*What you are asked to do:* Whenever a line in the entries below contains "behind", copy that line.

*Records for the task:*
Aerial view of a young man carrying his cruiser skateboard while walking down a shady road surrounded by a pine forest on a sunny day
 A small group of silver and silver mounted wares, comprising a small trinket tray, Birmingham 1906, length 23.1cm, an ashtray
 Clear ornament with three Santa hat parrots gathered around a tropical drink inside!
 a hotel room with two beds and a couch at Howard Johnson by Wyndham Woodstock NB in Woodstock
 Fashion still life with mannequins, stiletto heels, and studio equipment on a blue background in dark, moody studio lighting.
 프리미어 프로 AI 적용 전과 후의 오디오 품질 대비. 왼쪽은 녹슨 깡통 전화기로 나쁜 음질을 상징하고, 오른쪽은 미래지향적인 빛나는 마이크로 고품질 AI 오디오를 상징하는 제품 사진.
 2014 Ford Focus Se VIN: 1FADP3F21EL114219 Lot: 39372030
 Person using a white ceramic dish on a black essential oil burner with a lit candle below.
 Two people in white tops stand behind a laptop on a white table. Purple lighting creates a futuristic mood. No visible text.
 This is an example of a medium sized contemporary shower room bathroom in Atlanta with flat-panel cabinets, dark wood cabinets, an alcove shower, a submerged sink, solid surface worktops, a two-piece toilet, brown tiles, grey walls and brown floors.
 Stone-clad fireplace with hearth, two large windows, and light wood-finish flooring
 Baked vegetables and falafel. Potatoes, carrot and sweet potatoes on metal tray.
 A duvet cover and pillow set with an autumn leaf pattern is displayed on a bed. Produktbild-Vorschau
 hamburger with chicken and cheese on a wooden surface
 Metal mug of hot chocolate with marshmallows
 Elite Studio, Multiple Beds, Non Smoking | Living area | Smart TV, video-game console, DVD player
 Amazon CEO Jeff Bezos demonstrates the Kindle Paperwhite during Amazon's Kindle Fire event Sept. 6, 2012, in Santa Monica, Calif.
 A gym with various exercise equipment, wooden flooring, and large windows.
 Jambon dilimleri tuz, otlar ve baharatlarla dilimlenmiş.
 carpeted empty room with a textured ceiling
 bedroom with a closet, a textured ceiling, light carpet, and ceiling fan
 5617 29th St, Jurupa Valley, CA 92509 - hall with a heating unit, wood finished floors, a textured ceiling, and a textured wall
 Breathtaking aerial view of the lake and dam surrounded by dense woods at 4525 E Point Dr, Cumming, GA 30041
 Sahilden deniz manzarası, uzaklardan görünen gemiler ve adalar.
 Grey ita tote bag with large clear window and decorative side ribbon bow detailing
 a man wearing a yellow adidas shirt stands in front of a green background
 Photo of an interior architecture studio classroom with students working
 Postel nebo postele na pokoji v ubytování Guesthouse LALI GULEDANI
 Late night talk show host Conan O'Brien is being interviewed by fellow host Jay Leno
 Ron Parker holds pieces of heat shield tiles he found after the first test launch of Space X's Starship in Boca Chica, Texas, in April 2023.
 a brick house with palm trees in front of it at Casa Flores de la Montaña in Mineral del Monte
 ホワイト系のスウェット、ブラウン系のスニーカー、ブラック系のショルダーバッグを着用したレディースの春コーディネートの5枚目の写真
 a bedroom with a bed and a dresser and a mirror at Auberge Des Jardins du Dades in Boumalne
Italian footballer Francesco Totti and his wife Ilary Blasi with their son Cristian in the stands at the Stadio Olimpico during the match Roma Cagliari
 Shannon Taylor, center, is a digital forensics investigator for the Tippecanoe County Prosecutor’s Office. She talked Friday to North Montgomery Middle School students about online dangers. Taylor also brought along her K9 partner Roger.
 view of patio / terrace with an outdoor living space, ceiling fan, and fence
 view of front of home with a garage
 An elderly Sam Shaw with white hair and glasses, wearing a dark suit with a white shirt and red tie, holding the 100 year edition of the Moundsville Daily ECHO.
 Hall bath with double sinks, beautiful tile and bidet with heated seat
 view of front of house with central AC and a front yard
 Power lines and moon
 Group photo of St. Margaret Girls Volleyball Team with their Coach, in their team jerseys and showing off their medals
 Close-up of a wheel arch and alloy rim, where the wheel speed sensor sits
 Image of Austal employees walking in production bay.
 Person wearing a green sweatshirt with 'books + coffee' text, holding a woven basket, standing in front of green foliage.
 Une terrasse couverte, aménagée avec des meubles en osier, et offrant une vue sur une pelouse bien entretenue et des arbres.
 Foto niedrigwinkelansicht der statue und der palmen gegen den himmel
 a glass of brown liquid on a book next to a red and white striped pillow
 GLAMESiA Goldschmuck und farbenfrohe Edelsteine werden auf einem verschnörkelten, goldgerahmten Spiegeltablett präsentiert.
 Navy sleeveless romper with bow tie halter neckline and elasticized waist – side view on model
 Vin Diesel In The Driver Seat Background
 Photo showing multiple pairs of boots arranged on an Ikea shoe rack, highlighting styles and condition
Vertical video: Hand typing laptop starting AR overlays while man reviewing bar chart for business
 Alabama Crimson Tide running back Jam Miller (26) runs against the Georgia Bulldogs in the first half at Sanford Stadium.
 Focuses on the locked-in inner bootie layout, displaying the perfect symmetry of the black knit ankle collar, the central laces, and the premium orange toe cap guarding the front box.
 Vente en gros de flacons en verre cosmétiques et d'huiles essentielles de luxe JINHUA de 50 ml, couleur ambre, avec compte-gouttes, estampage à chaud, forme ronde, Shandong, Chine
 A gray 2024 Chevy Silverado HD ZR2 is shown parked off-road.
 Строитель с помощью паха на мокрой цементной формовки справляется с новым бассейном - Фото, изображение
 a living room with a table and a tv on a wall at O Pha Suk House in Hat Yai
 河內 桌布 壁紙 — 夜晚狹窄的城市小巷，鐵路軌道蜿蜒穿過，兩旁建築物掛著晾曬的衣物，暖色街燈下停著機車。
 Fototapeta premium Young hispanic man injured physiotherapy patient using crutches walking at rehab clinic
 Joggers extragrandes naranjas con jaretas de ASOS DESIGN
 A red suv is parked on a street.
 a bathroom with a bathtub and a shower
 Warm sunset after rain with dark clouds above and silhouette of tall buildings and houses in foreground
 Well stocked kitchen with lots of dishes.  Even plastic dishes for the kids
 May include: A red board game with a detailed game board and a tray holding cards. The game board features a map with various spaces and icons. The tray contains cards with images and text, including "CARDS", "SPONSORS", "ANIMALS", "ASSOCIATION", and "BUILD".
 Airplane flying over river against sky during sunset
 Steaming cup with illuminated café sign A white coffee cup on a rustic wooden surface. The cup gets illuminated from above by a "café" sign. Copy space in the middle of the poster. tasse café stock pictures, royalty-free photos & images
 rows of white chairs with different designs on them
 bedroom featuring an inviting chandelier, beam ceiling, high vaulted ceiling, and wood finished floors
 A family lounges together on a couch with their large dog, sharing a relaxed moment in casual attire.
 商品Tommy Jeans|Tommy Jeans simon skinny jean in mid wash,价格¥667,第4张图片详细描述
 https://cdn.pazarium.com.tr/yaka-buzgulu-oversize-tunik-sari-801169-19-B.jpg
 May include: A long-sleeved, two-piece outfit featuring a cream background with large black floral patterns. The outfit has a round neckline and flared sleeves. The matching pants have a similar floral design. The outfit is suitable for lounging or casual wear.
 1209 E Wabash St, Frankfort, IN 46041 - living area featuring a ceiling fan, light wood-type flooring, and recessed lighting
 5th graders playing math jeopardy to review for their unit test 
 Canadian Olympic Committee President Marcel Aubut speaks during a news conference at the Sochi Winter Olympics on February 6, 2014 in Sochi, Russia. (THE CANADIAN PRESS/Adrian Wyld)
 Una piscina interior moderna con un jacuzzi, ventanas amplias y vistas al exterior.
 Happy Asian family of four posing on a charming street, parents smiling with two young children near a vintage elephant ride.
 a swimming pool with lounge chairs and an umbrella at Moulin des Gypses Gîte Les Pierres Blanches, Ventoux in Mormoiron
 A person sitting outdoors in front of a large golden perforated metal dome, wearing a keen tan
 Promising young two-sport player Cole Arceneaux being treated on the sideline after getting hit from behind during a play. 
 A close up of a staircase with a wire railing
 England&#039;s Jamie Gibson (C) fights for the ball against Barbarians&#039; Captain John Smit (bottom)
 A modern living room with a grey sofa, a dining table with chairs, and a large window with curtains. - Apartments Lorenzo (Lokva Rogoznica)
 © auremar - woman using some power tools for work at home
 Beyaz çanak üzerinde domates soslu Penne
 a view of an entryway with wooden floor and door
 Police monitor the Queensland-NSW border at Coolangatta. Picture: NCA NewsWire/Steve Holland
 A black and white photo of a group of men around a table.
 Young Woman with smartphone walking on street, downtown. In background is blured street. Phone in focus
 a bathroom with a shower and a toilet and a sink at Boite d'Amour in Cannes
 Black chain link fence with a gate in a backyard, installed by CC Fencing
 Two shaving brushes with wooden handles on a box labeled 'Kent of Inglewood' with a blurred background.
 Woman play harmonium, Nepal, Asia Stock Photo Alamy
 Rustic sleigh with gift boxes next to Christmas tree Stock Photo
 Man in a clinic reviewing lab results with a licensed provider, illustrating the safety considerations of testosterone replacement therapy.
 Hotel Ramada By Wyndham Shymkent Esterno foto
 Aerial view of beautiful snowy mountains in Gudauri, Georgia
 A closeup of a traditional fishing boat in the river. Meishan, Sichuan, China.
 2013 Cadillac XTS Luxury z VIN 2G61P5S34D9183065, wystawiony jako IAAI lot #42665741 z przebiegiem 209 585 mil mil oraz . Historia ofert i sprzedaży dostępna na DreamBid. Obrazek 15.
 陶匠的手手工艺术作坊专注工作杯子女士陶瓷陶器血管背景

*Exercise solution:*
 Two people in white tops stand behind a laptop on a white table. Purple lighting creates a futuristic mood. No visible text.
 Promising young two-sport player Cole Arceneaux being treated on the sideline after getting hit from behind during a play. 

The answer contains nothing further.